The Autobiography of Malcolm X Still Matters (to me)
In light of Malcolm X’s assassin being released from prison…
In our household, Malcolm X’s name came up with Martin Luther King Jr and Rosa Parks. Our “big three”, though I’m sure it differs from home to home. What I knew of him was limited to whatever my parents said and scholastic blurbs read during Februaries. In 1992, Spike Lee did this child a favor by directing X starring Denzel Washington. I consider the movie to be a template for all biopics: with three hours, Lee did as much as he could to avoid deviations between life and art. Which explains, in part, Lee’s need to shake people down for funding.
For the next seven years, I regarded X as the definitive work on Malcolm X’s life and death. It wasn’t until 1999, at age seventeen, that I got around to reading the actual source material for the movie, The Autobiography of Malcolm X (written alongside Alex Haley). It’s funny how books find you at the precise, formative period in your life.
At seventeen, I started to write. I (finally) found pleasure in reading. And I was angry. Though never wronged by any white person at the time, little things annoyed me: loose use of the word “ghetto,” which still grates my ears today, rancorous debates on the legitimacy of affirmative action and, of course, lingering dissatisfaction with the OJ Simpson trial. Maybe it took me longer than others, but I started to notice white privilege. I never went without, my parents were (and remain) professionals and I had, by all accounts, a pedestrian childhood. Still, I noticed differences—an air of entitlement that seemed not only undeserving and self-serving, but also smug.
So consider The Autobiography of Malcolm X as an accelerant. How can I convey the significance this book played in my life and, indeed, in the lives of other black boys and girls? If one were to read the narrative as though it were fiction, Malcolm Little’s arc went from poor, yet intelligent child to, in the end, a man free to think and move per his will.
The consistent theme in the book was his willingness to abide by anything that could provide him a modicum of self-worth. This was the character’s weakness: floating from crime to drug addiction to the Nation of Islam—the character wanted to belong, even among those on the bottom rung of society. It took excommunication from the Nation and a subsequent hajj to Mecca for Malcolm X to see that, as a man, even a black man, he was free to follow his own thoughts and dreams. That he stumbled on these notions toward the end of his life makes the story all the more tragic. And poignant.

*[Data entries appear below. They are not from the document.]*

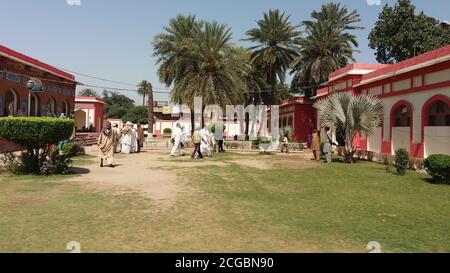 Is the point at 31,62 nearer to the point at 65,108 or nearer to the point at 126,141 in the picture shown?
the point at 126,141

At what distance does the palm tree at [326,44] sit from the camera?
→ 3224cm

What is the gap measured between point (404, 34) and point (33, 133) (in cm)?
3799

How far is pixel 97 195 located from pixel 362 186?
627 cm

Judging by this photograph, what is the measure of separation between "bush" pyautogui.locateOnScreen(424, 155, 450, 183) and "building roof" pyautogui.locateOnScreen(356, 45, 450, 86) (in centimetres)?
421

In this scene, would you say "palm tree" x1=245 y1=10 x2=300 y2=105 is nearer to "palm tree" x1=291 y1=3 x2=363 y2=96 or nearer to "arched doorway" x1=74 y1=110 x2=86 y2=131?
"palm tree" x1=291 y1=3 x2=363 y2=96

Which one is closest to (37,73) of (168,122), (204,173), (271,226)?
(204,173)

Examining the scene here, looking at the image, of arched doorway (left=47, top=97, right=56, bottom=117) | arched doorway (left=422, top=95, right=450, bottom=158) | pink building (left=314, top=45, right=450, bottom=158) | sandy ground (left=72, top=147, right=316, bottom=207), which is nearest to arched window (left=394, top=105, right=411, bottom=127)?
pink building (left=314, top=45, right=450, bottom=158)

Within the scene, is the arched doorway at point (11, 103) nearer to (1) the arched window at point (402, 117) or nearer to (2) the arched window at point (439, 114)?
(1) the arched window at point (402, 117)

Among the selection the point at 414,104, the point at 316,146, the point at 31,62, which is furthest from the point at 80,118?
the point at 414,104

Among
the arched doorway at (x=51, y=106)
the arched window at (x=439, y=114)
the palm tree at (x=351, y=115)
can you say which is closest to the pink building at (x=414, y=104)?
the arched window at (x=439, y=114)

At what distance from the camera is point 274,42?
3341 cm

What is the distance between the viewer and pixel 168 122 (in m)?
63.1

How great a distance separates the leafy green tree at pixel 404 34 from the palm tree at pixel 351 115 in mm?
23302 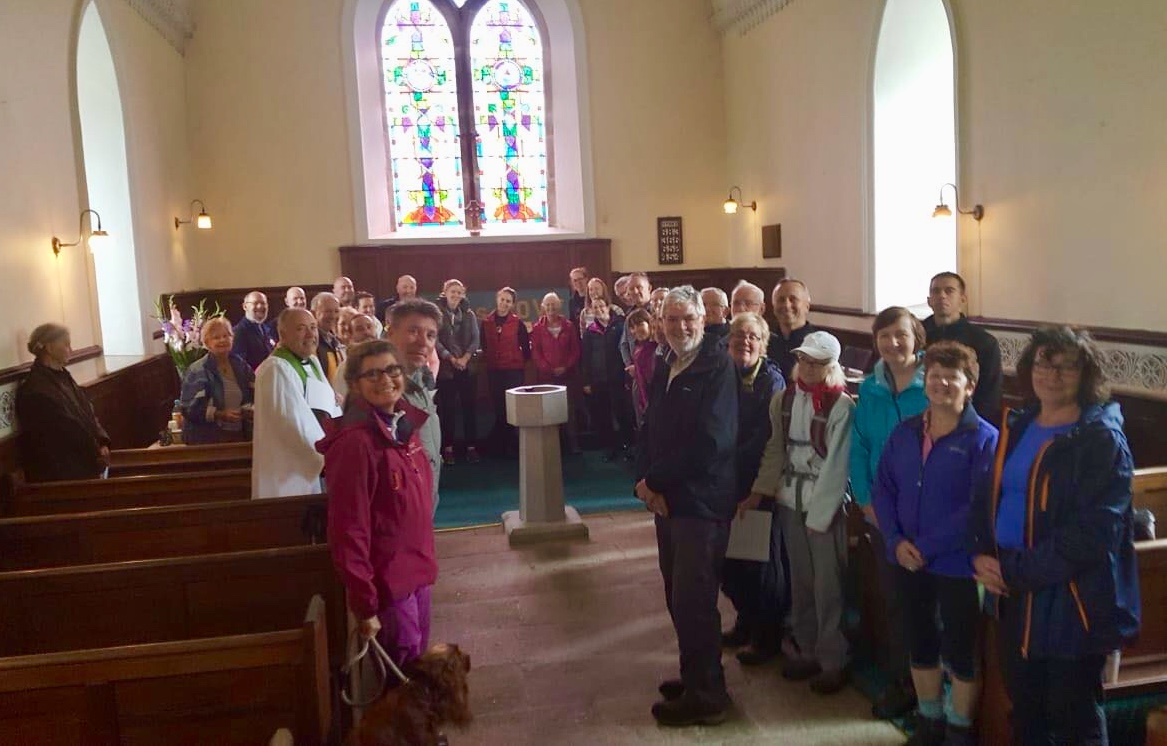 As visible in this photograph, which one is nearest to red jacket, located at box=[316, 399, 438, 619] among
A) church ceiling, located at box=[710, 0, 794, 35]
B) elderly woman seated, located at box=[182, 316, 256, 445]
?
elderly woman seated, located at box=[182, 316, 256, 445]

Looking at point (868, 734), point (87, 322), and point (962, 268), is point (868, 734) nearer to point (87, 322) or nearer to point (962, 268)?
point (962, 268)

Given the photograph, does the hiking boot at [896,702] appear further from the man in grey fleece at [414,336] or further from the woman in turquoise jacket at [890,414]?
the man in grey fleece at [414,336]

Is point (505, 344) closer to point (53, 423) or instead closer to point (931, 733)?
point (53, 423)

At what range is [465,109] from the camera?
1068 cm

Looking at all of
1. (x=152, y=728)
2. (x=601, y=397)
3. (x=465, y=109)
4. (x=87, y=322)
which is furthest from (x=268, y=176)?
(x=152, y=728)

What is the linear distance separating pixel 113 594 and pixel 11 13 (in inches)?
174

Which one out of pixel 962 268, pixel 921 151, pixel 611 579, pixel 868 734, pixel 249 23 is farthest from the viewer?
pixel 249 23

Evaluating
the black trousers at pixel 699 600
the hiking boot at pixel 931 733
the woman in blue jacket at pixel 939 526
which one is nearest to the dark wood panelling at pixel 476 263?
the black trousers at pixel 699 600

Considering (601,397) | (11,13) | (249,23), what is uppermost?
(249,23)

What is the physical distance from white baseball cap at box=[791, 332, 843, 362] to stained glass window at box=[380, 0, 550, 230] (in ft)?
25.9

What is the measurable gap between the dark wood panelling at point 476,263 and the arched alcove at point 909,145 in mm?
3702

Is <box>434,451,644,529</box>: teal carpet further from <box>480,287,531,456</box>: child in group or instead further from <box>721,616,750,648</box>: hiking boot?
<box>721,616,750,648</box>: hiking boot

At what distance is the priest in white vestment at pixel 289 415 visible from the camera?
3.48 metres

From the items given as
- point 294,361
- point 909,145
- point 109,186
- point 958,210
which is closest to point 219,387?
point 294,361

If I found myself disenchanted with my fellow white students before I read the book, I was downright incorrigible afterward. The book left me raw. Any slight was treated by me as an indictment on people of African descent worldwide. I eventually adopted a new name, grew out my hair and set off on a three year bout with Afrocentricity. I was already hateful. Malcolm X’ s autobiography made it worse. Later, I realized I wasn’t alone in my hyperbolic reaction.
In speaking with my older brothers and friends, they too exploded. What we learned, as the flames cooled, was the true, lasting power of his autobiography—Malcolm X became “free” when he stopped making excuses. His life was an allegory for people of color’s response to this world’s wanton brutality: you can hide behind drugs and crime, you can protect yourself with religion and inciting rhetoric, you can be mad if you want—or you do the little things to improve the world…or, at least, yourself.
Upon read his story, my life didn’t change: I’m still mad, on occasion; I’m not particularly religious; I love menthol cigarettes. But there was a change, one so profound I still haven’t realized it yet. And maybe I won’t. Malcolm X almost didn’t realize it. So goes the hope of, ironically, a happy ending.